Vector definitions (HL)

Displacement vectors can be translated in the plane or space, while maintaining their magnitudes and directions. Meanwhile position vectors represent the vector from origin to a specific point in space.

Geometrically, they are represented by arrows.

Definitions

A vector or vector quantity, $\bm{v}$ or $\vec{v}$ , is associated with a magnitude (size) and a direction. Magnitudes are non-negative, and are represented by $\lvert\bm v\rvert$ , $\lvert\vec v\rvert$ , or simply $v$

In contrast, a scalar or scalar quantity, $v$ , is only associated with a magnitude. Though, a scalar could be negative.

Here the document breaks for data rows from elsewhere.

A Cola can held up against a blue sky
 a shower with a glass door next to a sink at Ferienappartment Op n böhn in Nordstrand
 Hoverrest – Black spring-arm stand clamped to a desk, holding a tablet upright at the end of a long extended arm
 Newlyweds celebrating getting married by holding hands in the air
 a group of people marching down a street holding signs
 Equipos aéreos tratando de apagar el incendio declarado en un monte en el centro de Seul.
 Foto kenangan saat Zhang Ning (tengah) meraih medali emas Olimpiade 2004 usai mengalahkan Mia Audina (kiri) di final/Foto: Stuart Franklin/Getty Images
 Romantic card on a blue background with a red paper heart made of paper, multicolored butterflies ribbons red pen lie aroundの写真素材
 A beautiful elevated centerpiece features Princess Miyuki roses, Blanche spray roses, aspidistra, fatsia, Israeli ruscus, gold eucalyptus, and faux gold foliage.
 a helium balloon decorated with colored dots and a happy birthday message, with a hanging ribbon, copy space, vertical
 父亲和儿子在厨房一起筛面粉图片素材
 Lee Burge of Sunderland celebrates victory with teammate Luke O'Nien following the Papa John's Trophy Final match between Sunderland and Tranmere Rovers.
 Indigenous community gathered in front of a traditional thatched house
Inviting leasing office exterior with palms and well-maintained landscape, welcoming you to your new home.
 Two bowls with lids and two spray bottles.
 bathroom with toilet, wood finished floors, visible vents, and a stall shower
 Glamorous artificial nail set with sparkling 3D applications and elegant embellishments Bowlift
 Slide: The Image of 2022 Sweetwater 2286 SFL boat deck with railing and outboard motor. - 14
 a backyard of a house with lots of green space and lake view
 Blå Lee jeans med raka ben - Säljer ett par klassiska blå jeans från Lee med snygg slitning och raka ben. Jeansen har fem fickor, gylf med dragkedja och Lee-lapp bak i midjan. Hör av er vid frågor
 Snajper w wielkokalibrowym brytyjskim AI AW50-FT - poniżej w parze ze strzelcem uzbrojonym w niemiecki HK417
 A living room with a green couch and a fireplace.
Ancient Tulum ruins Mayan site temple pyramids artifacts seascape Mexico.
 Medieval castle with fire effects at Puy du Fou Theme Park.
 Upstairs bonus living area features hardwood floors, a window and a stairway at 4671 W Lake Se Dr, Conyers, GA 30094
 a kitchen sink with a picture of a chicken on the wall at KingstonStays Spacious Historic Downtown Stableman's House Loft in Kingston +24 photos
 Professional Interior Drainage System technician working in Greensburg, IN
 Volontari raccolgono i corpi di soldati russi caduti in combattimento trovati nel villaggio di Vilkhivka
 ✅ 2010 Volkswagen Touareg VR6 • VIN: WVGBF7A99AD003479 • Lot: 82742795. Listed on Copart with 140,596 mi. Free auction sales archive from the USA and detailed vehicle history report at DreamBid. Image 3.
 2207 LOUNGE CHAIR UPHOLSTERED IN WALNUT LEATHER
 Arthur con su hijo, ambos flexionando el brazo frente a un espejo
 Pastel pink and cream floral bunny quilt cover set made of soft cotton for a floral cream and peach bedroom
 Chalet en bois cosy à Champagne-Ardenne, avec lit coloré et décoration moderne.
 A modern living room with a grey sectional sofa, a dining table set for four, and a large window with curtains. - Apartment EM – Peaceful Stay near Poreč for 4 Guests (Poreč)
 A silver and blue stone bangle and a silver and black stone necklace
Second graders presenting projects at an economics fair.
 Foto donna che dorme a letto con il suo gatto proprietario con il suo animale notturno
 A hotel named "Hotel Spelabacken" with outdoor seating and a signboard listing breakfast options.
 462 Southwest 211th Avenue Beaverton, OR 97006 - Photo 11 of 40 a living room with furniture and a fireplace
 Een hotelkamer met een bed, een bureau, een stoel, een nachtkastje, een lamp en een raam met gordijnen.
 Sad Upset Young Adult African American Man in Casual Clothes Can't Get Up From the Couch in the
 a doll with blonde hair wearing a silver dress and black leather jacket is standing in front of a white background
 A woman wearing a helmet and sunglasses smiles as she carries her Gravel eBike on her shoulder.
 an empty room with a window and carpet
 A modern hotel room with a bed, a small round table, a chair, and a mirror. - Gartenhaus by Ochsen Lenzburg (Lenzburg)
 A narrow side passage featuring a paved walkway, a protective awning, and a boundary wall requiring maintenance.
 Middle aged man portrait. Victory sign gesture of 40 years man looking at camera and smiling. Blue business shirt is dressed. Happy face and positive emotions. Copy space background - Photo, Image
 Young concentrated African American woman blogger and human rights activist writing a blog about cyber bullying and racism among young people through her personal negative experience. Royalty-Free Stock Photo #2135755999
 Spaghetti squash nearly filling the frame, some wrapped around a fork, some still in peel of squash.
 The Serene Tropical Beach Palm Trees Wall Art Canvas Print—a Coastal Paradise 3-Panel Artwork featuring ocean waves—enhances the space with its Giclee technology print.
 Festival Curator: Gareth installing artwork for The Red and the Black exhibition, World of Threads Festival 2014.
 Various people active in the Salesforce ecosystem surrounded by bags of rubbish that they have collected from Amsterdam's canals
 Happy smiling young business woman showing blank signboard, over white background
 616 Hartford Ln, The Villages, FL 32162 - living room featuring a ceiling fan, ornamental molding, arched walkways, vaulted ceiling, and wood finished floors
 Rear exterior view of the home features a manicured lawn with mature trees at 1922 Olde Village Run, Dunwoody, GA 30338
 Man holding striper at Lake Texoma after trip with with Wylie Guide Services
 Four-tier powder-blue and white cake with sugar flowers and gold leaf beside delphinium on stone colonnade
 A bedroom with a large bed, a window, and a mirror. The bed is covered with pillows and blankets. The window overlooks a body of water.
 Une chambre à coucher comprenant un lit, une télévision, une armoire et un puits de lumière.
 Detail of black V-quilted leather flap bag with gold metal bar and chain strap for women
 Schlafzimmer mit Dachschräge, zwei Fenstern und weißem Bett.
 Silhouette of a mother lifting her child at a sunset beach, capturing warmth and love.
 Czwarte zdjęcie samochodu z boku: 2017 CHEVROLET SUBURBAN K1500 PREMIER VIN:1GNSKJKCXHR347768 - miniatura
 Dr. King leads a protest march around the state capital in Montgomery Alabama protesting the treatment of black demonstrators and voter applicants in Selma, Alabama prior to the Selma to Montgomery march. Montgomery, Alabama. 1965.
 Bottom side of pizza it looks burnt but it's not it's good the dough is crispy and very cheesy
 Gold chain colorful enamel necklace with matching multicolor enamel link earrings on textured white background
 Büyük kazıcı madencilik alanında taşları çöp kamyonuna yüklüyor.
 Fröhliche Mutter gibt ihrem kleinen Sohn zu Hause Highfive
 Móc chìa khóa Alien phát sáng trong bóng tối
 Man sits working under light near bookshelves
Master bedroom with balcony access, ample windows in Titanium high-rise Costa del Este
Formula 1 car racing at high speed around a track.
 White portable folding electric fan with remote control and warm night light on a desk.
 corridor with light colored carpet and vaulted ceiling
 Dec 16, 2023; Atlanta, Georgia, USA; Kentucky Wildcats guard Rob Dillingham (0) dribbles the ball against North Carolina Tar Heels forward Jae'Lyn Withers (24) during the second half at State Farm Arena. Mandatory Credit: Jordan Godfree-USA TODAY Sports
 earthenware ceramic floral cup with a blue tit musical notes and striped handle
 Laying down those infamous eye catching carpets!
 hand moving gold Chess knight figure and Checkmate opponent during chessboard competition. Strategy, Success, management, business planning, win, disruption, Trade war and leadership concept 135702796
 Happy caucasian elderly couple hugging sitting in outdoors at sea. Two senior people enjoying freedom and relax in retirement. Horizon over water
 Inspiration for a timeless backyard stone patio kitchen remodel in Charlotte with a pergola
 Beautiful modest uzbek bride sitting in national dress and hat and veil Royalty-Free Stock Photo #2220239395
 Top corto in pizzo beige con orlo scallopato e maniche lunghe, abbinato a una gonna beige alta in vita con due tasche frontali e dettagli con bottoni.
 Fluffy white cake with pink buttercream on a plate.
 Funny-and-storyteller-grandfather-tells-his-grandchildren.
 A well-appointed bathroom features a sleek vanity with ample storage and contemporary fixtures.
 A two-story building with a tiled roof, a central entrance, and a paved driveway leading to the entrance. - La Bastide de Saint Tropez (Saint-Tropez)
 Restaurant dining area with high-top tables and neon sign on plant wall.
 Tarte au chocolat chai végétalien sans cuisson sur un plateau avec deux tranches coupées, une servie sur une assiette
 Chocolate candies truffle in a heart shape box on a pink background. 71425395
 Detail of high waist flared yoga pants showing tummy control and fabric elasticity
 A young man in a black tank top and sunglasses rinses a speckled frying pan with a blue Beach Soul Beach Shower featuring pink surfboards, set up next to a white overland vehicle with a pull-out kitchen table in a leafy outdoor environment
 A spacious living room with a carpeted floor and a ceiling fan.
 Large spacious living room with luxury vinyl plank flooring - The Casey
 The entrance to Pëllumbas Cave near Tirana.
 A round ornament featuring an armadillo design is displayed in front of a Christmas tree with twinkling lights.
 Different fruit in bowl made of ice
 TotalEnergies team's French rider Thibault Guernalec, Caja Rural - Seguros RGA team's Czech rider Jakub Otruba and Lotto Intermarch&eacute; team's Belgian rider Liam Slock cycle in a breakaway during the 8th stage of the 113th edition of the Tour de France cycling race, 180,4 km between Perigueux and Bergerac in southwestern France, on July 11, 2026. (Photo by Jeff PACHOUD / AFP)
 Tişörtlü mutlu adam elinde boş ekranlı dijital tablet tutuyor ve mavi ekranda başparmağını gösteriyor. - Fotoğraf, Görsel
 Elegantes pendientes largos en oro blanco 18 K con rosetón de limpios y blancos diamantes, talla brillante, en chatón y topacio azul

Scalar multiplication, multiplying a vector (or scalar) by a scalar. This multiplies the vector’s magnitude by the scalar. If the scalar is positive, the resulting direction is same as before; if it is negative, the vector reverses direction.

The zero vector, $\bm{0}$ , or $\vec{0}$ , is the vector with zero magnitude and in any arbitrary direction.

The unit vector, $\bm{\hat{v}}$ , is the vector in the direction of $\bm{v}$ and with magnitude $1$ .

\bm{\hat{v}} = \frac{\bm v}{\lvert\bm v\rvert}

$\bm i$ , $\bm j$ , $\bm k$ are the unit vectors for the $x$ , $y$ , and $z$ -axes. The axes are perpendicular to each other and intersect at the origin $(0, 0, 0)$

A position vector is a vector from the origin to a specific point in space. Eg point $A(1, -2, 3)$ is associated with the vector $\overrightarrow{OA} = (1, -2, 3)$ . Position vectors are fixed in space. For the rest of the vectors discussion, position vectors are synonymous with “points”.

A displacement vector is a difference between two position vectors, or between two displacement vectors. For instance, $\overrightarrow{AB} = (2, -1, 0)$ is the displacement from $\overrightarrow{OA} = (-3, 2, 4)$ to $\overrightarrow{OB} = (-1, 1, 4)$ .

\overrightarrow{AB} = \overrightarrow{OB} - \overrightarrow{OA}

Displacement vector AB is OB - OA. — final minus initial: AB is OB minus OA

Displacement vectors are more powerful and useful because they can be moved around. Common types of displacement vectors include

a displacement vector representing a line segment
a direction vector of a line
a direction vector on a plane
a normal vector to a plane

In certain cases, such as when the displacement vector is used as a direction vector of a line or a normal vector of a plane, only the direction is of interest.

A vector goes from its tail to its head. For example, the tail of $\overrightarrow{OP}$ is $O$ , while the head is $P$ . Position vectors have fixed tails and heads, while displacement vectors have tails and heads that can be translated together.

A vector is said to be the vector sum of its $x$ , $y$ , and $z$ components. This is true for both position and displacement vectors. Namely

(3, -4, 5) = 3\bm i - 4\bm j + 5\bm k

The components are linearly independent, or that they are perpendicular to each other.